Once you find the line containing "Medical Team With", set down exactly that line and every one after it through the end of the listing below, with both ends included and any pictures omitted.
- Opening Delimiter -
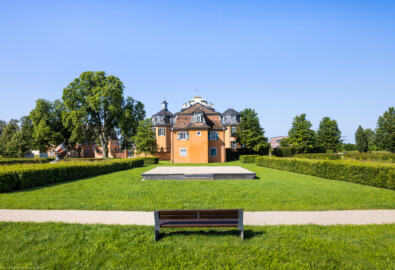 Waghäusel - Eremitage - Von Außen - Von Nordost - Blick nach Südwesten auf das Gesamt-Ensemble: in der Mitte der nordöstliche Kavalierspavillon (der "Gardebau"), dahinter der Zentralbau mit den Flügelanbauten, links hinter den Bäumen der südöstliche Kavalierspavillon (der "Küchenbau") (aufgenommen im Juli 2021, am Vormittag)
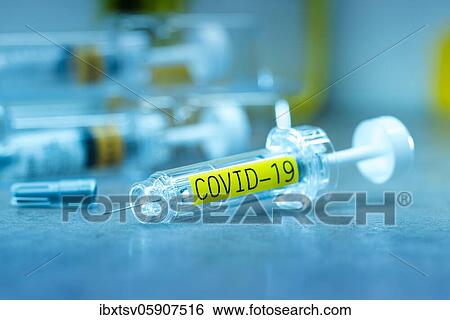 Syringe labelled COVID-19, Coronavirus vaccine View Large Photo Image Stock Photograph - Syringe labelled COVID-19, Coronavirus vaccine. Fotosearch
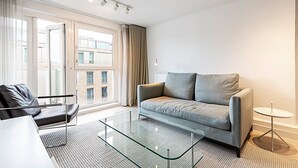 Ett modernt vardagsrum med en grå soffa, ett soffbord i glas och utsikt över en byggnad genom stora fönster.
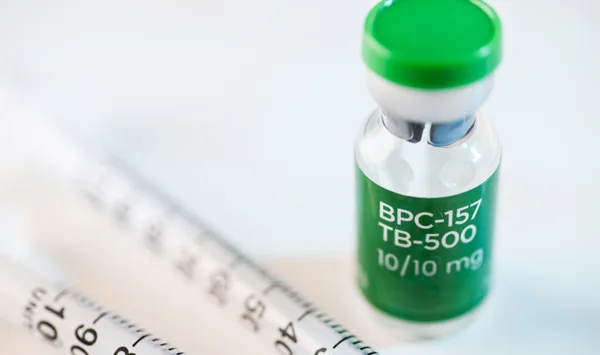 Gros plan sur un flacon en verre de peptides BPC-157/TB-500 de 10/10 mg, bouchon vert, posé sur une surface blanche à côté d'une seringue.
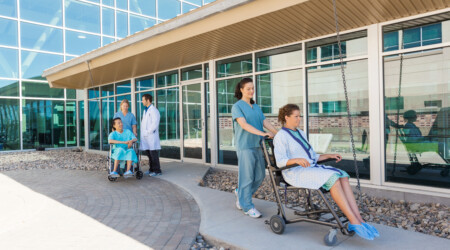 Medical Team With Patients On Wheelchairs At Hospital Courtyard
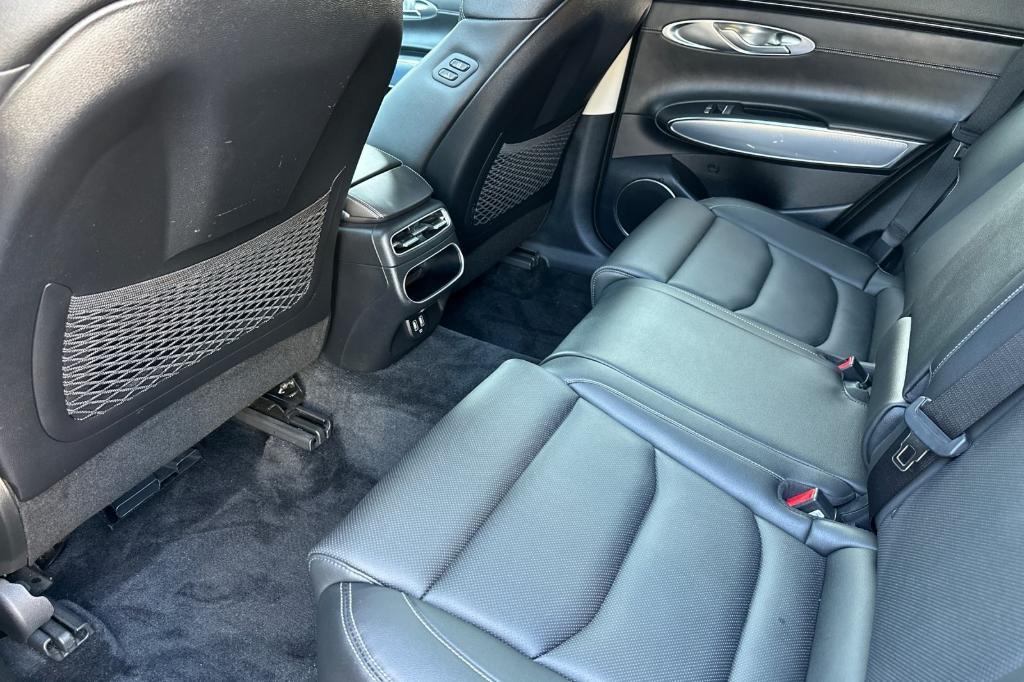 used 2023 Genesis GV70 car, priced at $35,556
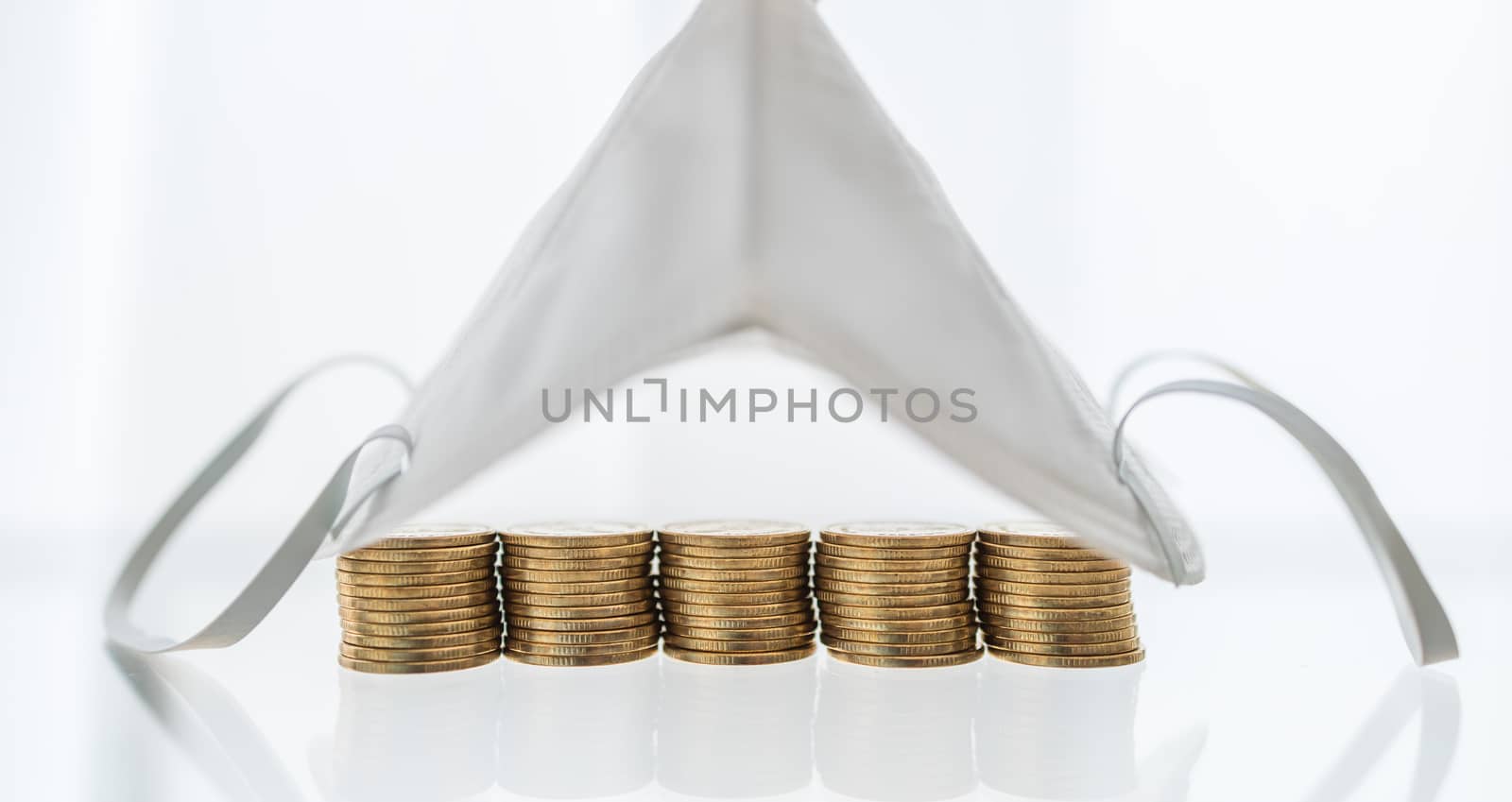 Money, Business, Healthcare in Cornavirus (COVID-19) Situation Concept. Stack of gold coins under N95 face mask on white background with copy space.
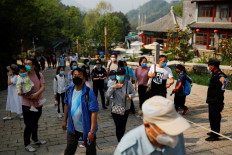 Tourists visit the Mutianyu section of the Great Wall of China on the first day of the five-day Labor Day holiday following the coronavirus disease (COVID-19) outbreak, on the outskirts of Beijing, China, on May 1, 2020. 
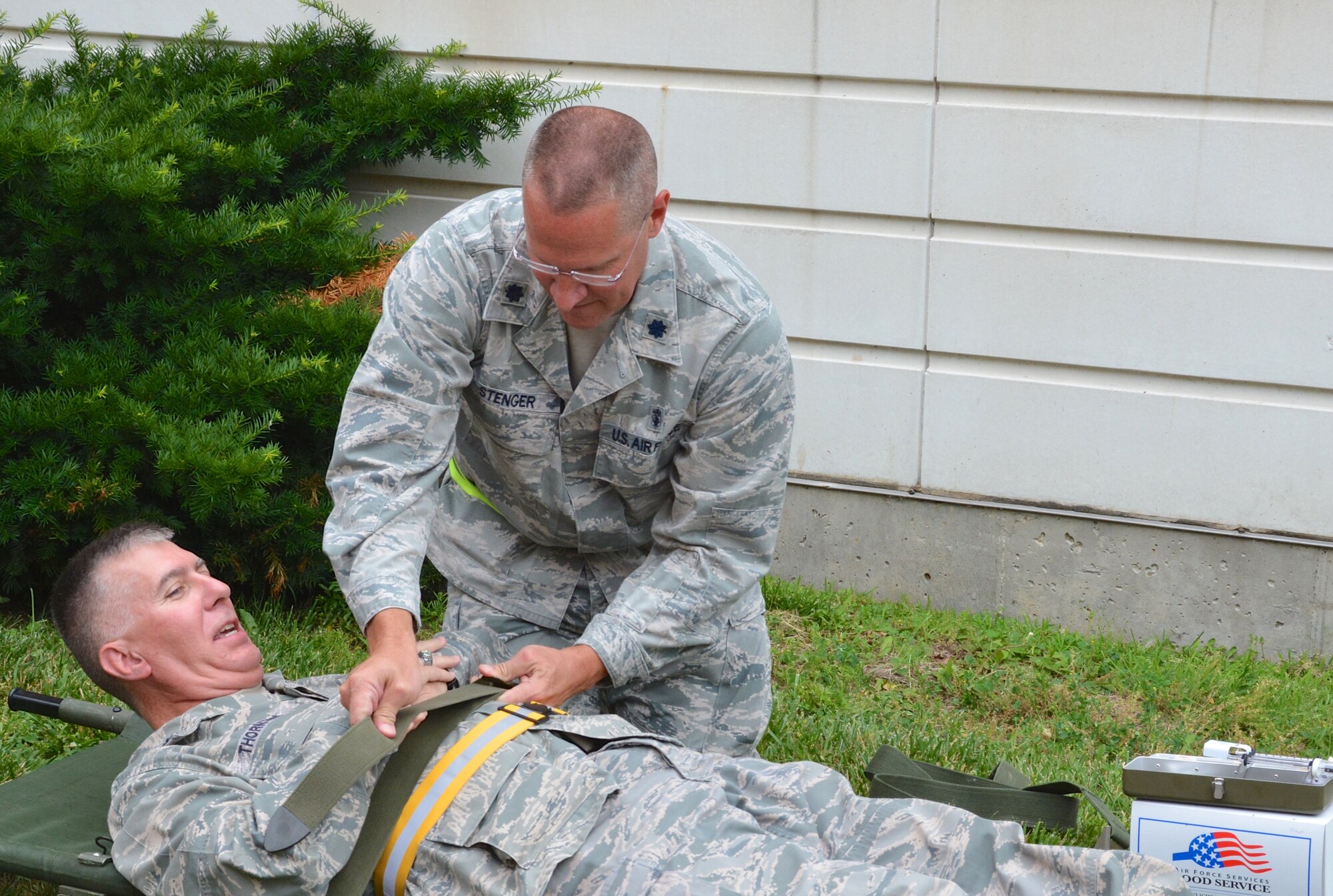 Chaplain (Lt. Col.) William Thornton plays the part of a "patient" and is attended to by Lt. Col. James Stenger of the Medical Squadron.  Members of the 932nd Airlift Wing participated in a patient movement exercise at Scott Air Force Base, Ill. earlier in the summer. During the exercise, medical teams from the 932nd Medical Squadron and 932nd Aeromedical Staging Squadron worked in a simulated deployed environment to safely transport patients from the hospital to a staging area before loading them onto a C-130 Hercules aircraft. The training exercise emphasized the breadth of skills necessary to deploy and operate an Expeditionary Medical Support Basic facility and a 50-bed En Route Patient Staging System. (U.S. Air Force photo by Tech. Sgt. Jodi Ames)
- Closing Delimiter -
ANSWER.
 Medical Team With Patients On Wheelchairs At Hospital Courtyard
 used 2023 Genesis GV70 car, priced at $35,556
 Money, Business, Healthcare in Cornavirus (COVID-19) Situation Concept. Stack of gold coins under N95 face mask on white background with copy space.
 Tourists visit the Mutianyu section of the Great Wall of China on the first day of the five-day Labor Day holiday following the coronavirus disease (COVID-19) outbreak, on the outskirts of Beijing, China, on May 1, 2020. 
 Chaplain (Lt. Col.) William Thornton plays the part of a "patient" and is attended to by Lt. Col. James Stenger of the Medical Squadron.  Members of the 932nd Airlift Wing participated in a patient movement exercise at Scott Air Force Base, Ill. earlier in the summer. During the exercise, medical teams from the 932nd Medical Squadron and 932nd Aeromedical Staging Squadron worked in a simulated deployed environment to safely transport patients from the hospital to a staging area before loading them onto a C-130 Hercules aircraft. The training exercise emphasized the breadth of skills necessary to deploy and operate an Expeditionary Medical Support Basic facility and a 50-bed En Route Patient Staging System. (U.S. Air Force photo by Tech. Sgt. Jodi Ames)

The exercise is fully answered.